How Brand + Demand Addresses Traditional Shortcomings

To be clear, brand marketing should not replace demand generation. Many demand generation falls short because it's short-sighted. We're not saying it isn't important, but it needs to be balanced and paired with long-term brand marketing that can sustainably generate pipeline and revenue over time. Balancing brand and demand can help with: 

  • Improved Lead Quality: By focusing on building brand preference and providing consistent value, this approach naturally attracts more qualified leads who already favor your brand.
  • Enhanced Engagement: Content that resonates with buyers' needs at various stages of their journey, while consistently reinforcing brand messages, leads to higher engagement rates.
  • More Efficient Marketing Spend: While initial costs may be higher, the long-term effect of brand building often results in lower customer acquisition costs over time, as buyers already prefer your brand when they're ready to purchase.
  • Shorter Sales Cycles: Prospects who are familiar with, trust, and prefer your brand are more likely to move through the decision-making process more quickly once they're ready to buy.
  • Increased Market Share: By becoming the preferred brand in your category, you're more likely to capture a larger share of the market over time.

Conclusion

The signs of faltering demand generation are clear, but they also present an opportunity for transformation. By recognizing these indicators and understanding their root causes in the changing buyer's journey, businesses can pivot to more effective strategies.

The brand + demand approach offers a promising path forward, aligning marketing efforts more closely with the needs and behaviors of modern buyers. By focusing on building lasting relationships and providing value throughout the buyer's journey, businesses can not only revitalize their demand generation efforts but also create a strong foundation for long-term growth and customer loyalty.

As you reassess your own demand generation strategies, remember that the key lies in truly understanding and aligning with your buyers' evolving journey.
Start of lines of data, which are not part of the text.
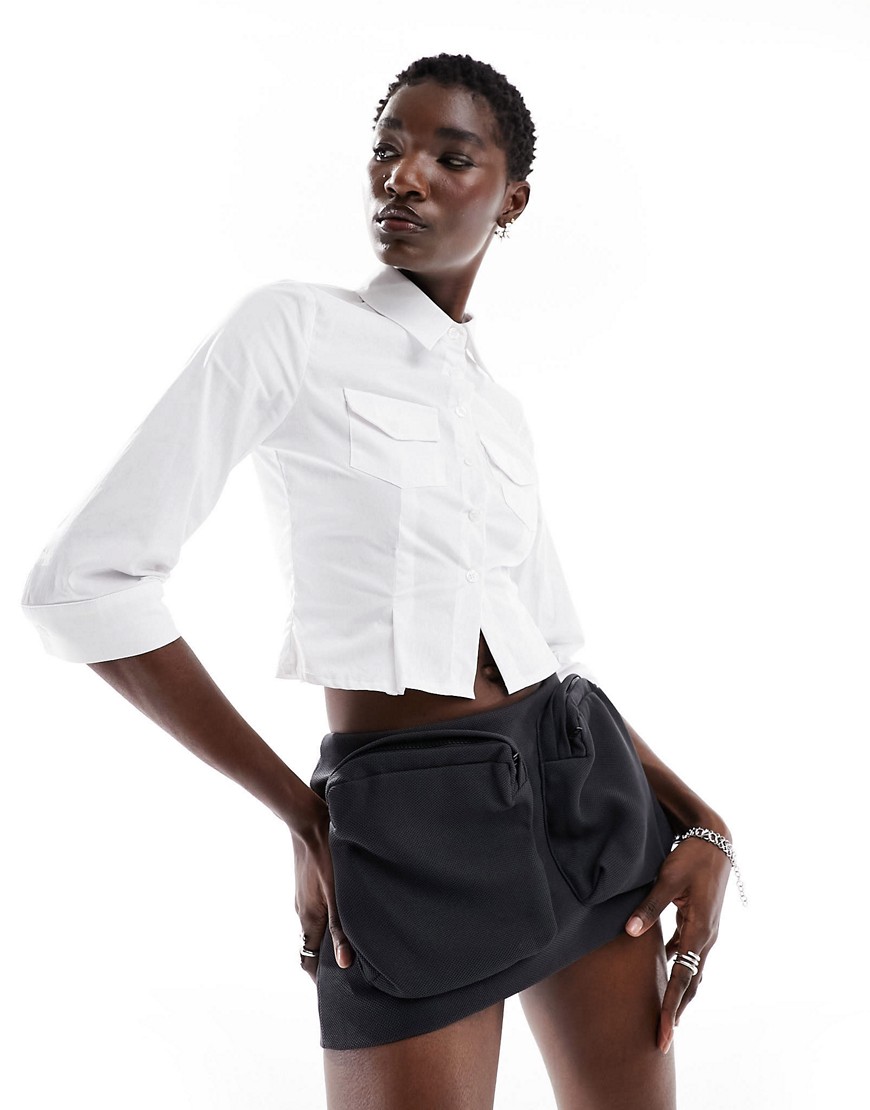 The Kript micro mini cargo skirt with oversized pockets in black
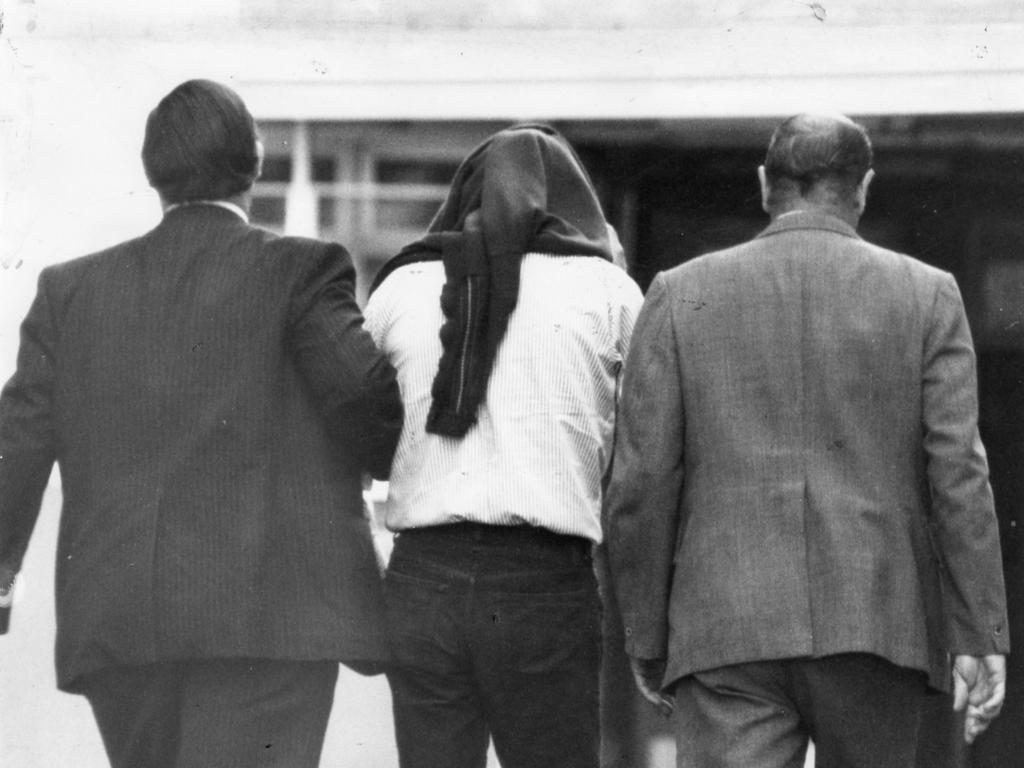 James William Miller is led into the Adelaide Magistrates Court on May 24, 1979.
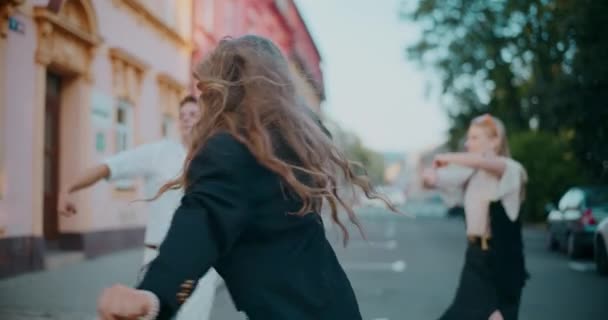 Bonne femme blonde aime danser avec des amis masculins et féminins en ville pendant le week-end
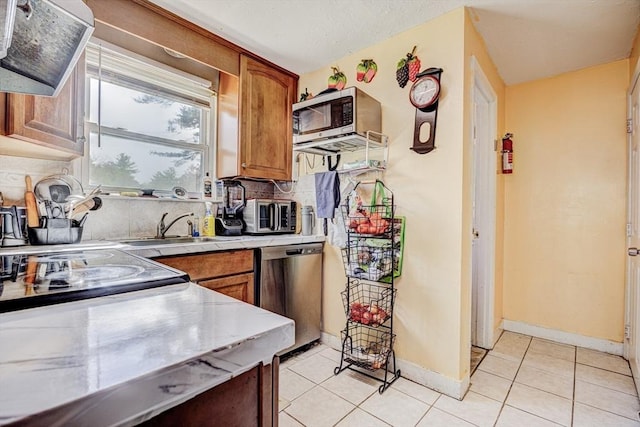 kitchen with ventilation hood, tasteful backsplash, light tile patterned flooring, and stainless steel appliances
It's time to move beyond short-term tactics and embrace an approach that resonates with the complex, value-driven decision-making processes of today's buyers.

We recommend starting with understanding your Category Entry Points, which are the triggers that prompt a buyer towards purchase. 

TL;DR – Key Takeaways

  1. Declining demand generation effectiveness often leads to missed quarterly targets.
  2. Key signs include declining lead quality, lower engagement rates, and increasing customer acquisition costs.
  3. These issues often stem from misalignment with the modern buyer's journey and mindset.
  4. The Brand + Demand approach balances short-term goals with long-term brand building.
  5. Staying top-of-mind is crucial, as 71% of buyers purchase from their initial top choice brand.
  6. Revitalizing your strategy involves reassessing your buyer's journey, auditing brand strength, and aligning content with each stage of the buyer's process.